Stanford offers a set of tools to help with common natural language processing (NLP) tasks. The Stanford CoreNLP project consists of a framework and variety of annotators that handle tasks such as sentiment analysis, part of speech tagging, lemmatization, named entity extraction, etc. My favorite thing about this particular project is how they have simply dropped the barriers to trying it out to zero. If you want to give the project a spin and see how it would annotate some text with the base models, Stanford helpfully hosts a version you can test out. I spent an afternoon throwing text at it, both bits I wrote, and bits that come from some of my test document pool. At first glance it seems to do a pretty good job, even with nothing more than the base models loaded.
I’d like to prove out some of these concepts and explore them further, so I’ve started a simple project to connect Stanford CoreNLP with the Alfresco Content Services platform. The initial goals are simple: Take text from an document stored in Alfresco, run it through a few CoreNLP annotators, extract data from the generated annotations, and store that data as Alfresco metadata. This will make annotation data such as named entities (dates, places, people, organizations) directly searchable via Alfresco Search Services. I’m starting with an Alfresco Repository Action that calls CoreNLP since that will be easy to test on individual documents. It would be pretty straightforward to take this component and run it as a metadata extractor, which might make more sense in the long run. Like most of my Alfresco extension or integration projects, this roughly follows the Service Action Pattern.
Stanford CoreNLP makes the integration bits pretty easy. You can run CoreNLP as a standalone server, and the project helpfully provides a Java client (StandfordCoreNLPClient) that somewhat closely mirrors the annotation pipeline so if you already know how to use CoreNLP locally, you can easily get it working from an Alfresco integration. This will also help with scalability since CoreNLP can be memory hungry and running the NLP engine in a separate JVM or server from Alfresco definitely makes sense. It also makes sense to be judicious about what annotators you run, so that should be configurable in Alfresco. It also make sense to limit the size of the text that gets sent to CoreNLP, so long term some pagination will probably be necessary to break down large files into more manageable pieces. The CoreNLP project itself provides some great guidance on getting the best performance out of the tool.

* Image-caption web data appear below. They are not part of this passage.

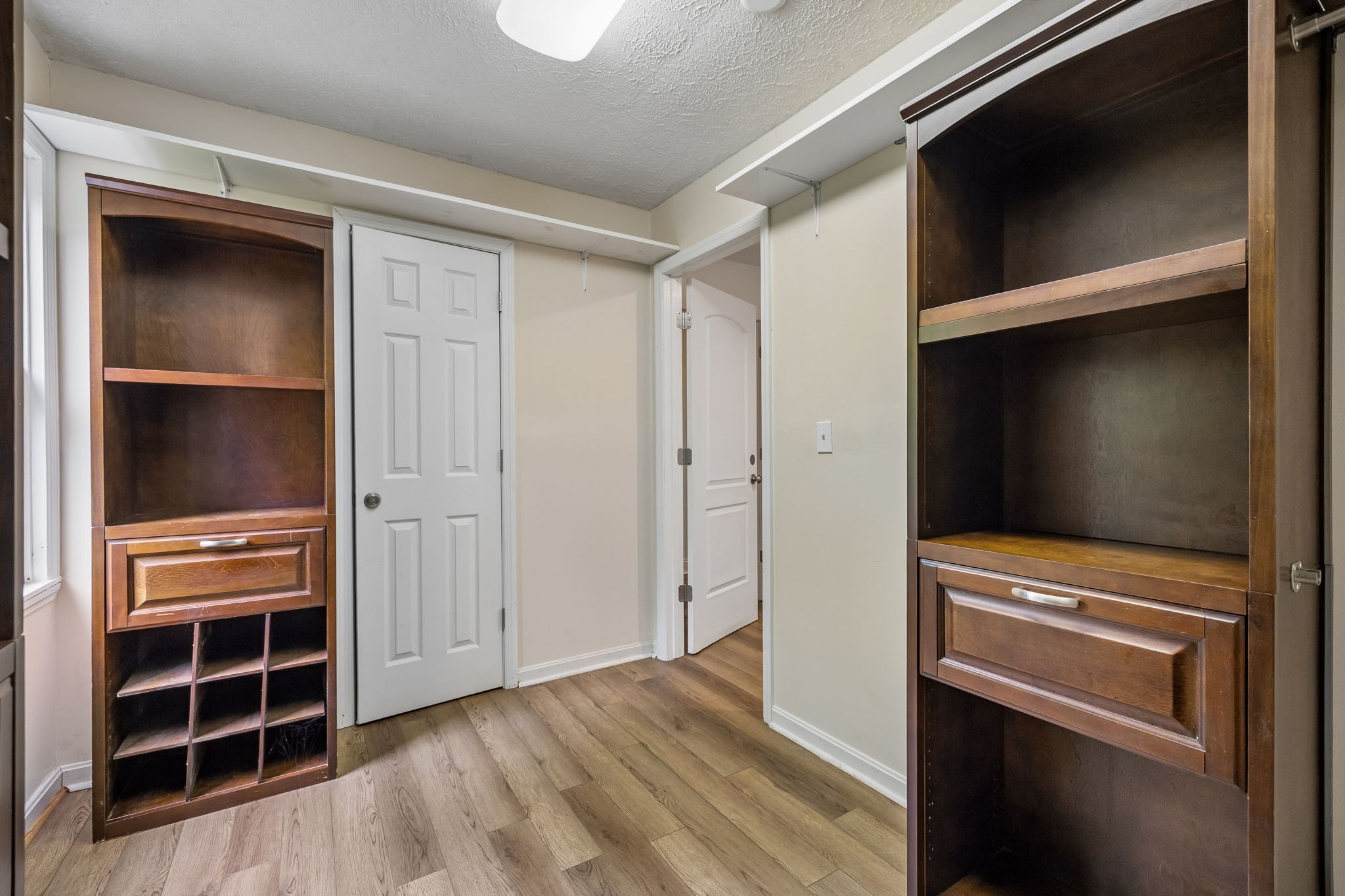 1397 East Blue Creek Road Waverly, TN 37185 - Photo 40 of 93 a view of walk in closet with empty racks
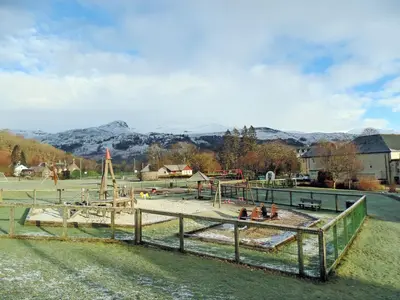 a group of people sitting in a playground at Gracedieu in Killin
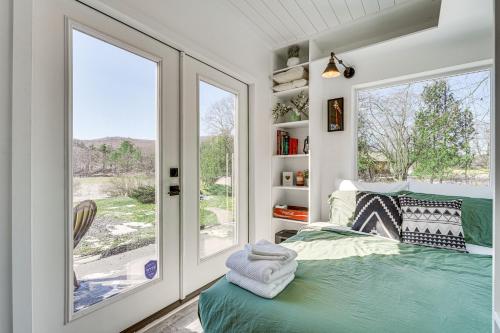1 dormitorio con ventana y 1 cama con toallas en Zen Box Tranquil Vermont Escape with Lake Views!, en Castleton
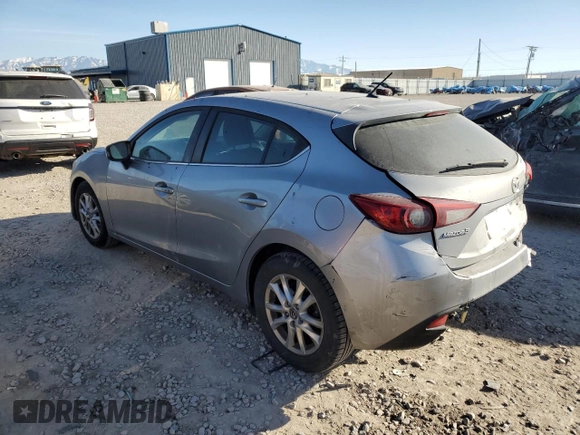 2014 Mazda 3 i Touring with VIN JM1BM1L73E1111512, listed as a Copart auction lot 42344565 with 140,139 mi miles and Salvage title. Bid and sale history available at DreamBid. Image 2.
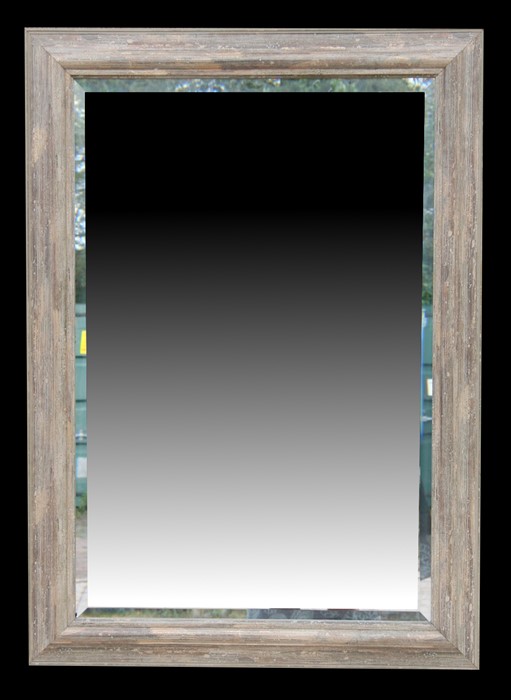 A modern bevel edged rectangular wall mirror, 76 by 106cms (30 by 41.5ins).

A couple of notes about using CoreNLP programmatically from other applications. First, if you just provide a host name (like localhost) then CoreNLP assumes that you will be connecting via HTTPS. This will cause the StanfordCoreNLPClient to not respond if your server isn’t set up for it. Oddly, it also doesn’t seem to throw any kind of useful exception, it just sort of, well, stops. If you don’t want to use HTTPS, make sure to specify the protocol in the host name. Second, Stanford makes it pretty easy to use CoreNLP in your application by publishing on Maven Central, but the model jars aren’t there. You’ll need to download those separately. Third, CoreNLP can use a lot of memory for processing large amounts of text. If you plan to do this kind of thing at any kind of scale, you’ll need to run the CoreNLP bits on a separate JVM, and possibly a separate server. I can’t imagine that Alfresco under load and CoreNLP in the same JVM would yield good results. Fourth, the client also has hefty memory requirements. In my testing, running CoreNLP client in an Alfresco action with less than 2GB of memory caused out of memory errors when processing 5-6 pages of dense text. Finally, the pipeline that you feed CoreNLP is ordered. If you don’t have the correct annotators in there in the right order, you won’t get the results you expect. Some annotators have dependencies, which aren’t always clear until you try to process some text and it fails. Thankfully the error message will tell you what other annotators you need in the pipeline for it to work.
After some experimentation I’m not sure that CoreNLP is really well suited for integration with a content services platform. I had hoped that most of the processing using StanfordCoreNLPClient to connect to a server would take place on the server, and only results would be returned but that doesn’t appear to be the case. I still think that using NLP tools to enhance search has merit though. If you want to play around with this idea yourself you can find my PoC code on Github. It’s a toy at this point, but might help others understand Alfresco, some intricacies of CoreNLP, or both. As a next step I’m going to look at OpenNLP and a few other tools to better understand both the concepts and the space.